◆ **BRIEF**
Repeat exactly the line that contains "New in box - Picture 3 of 5" and every line after it, down to the last line of the entries below. Do not include pictures.

◆ **Short text fragments from websites**
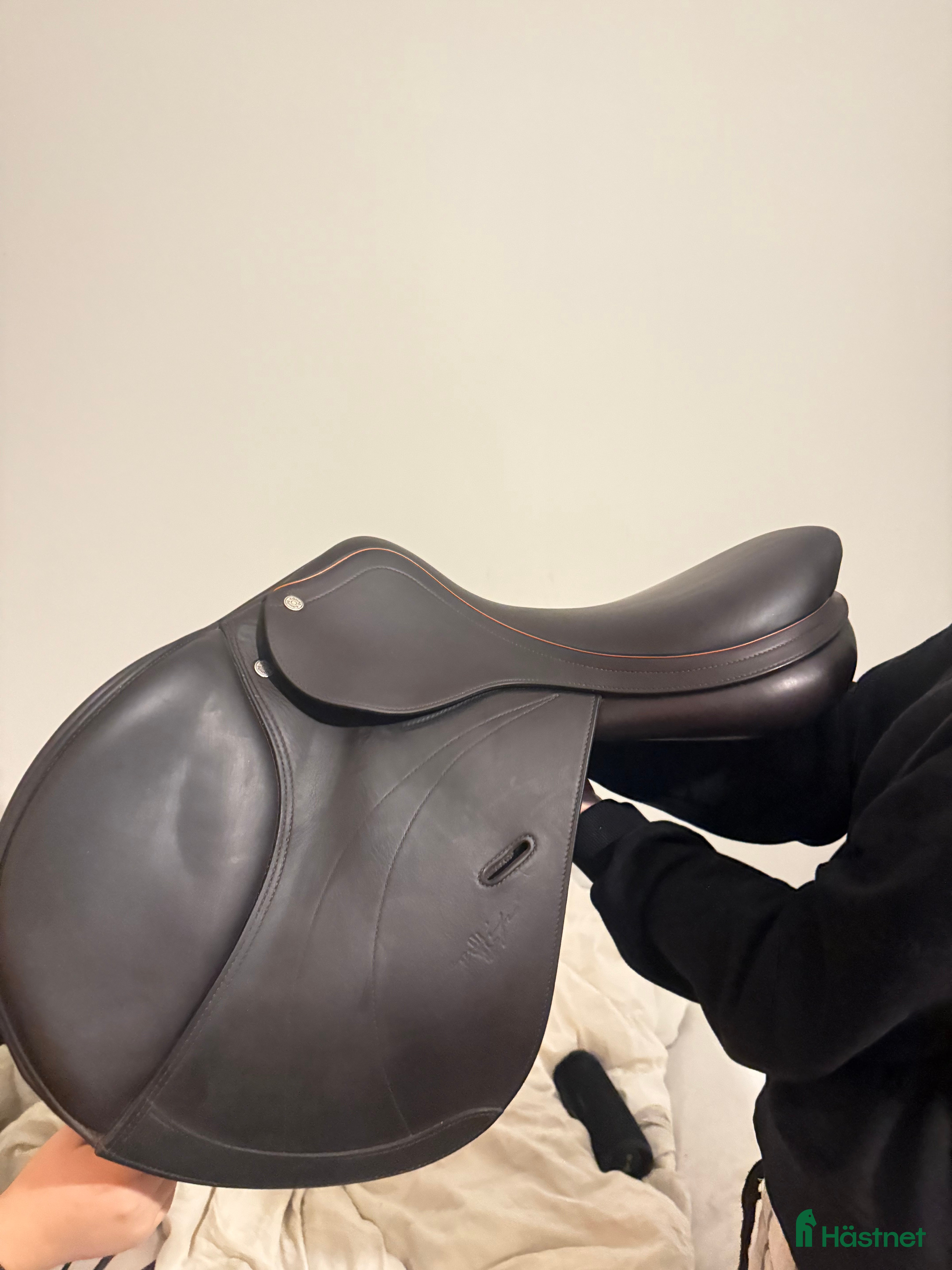 Sadlar hästutrustning till salu: Equip expression special i Tungelsta - Annons 3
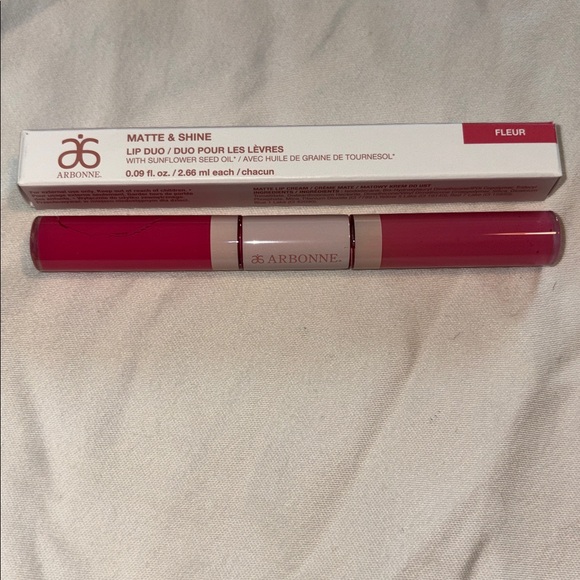 Arbonne Matte & Shine Lip Duo - Fleur
New in box - Picture 3 of 5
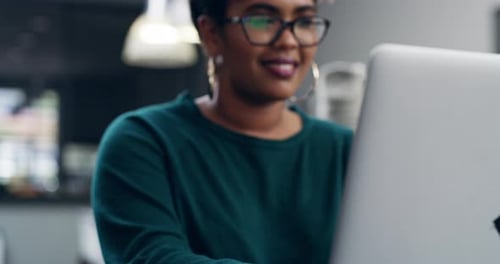 4k video of a student using her laptop in the college library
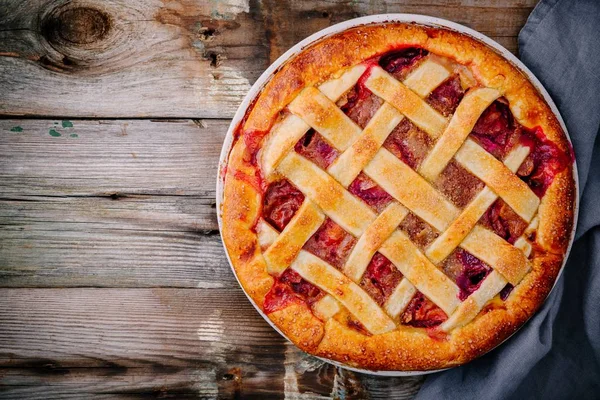 Tarte aux prunes maison sur fond rustique — Photo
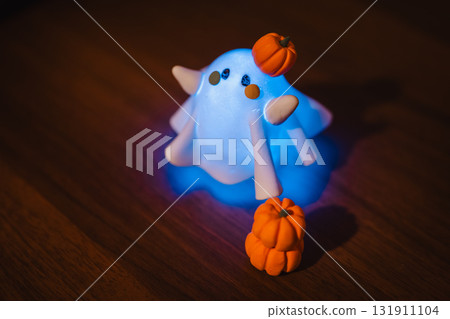 多彩的萬聖節鬼魂和南瓜 131911104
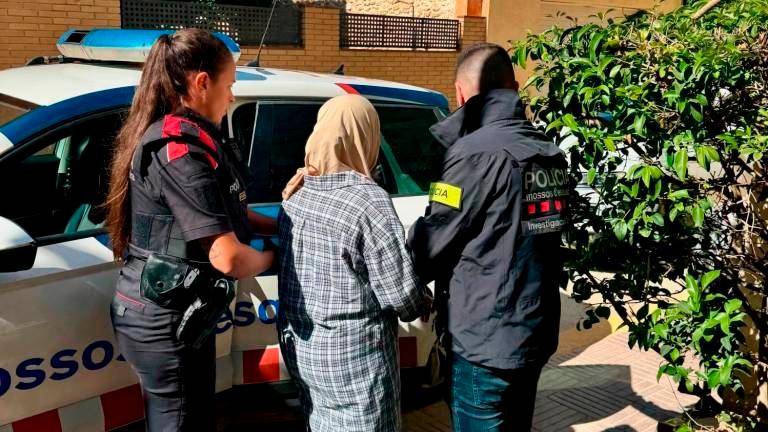 Els Mossos d’Esquadra durant la detenció de la sospitosa a Benissanet. Foto: Mossos d’Esquadra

◆ **OUTPUT OF THE EXERCISE**
New in box - Picture 3 of 5
 4k video of a student using her laptop in the college library
 Tarte aux prunes maison sur fond rustique — Photo
 多彩的萬聖節鬼魂和南瓜 131911104
 Els Mossos d’Esquadra durant la detenció de la sospitosa a Benissanet. Foto: Mossos d’Esquadra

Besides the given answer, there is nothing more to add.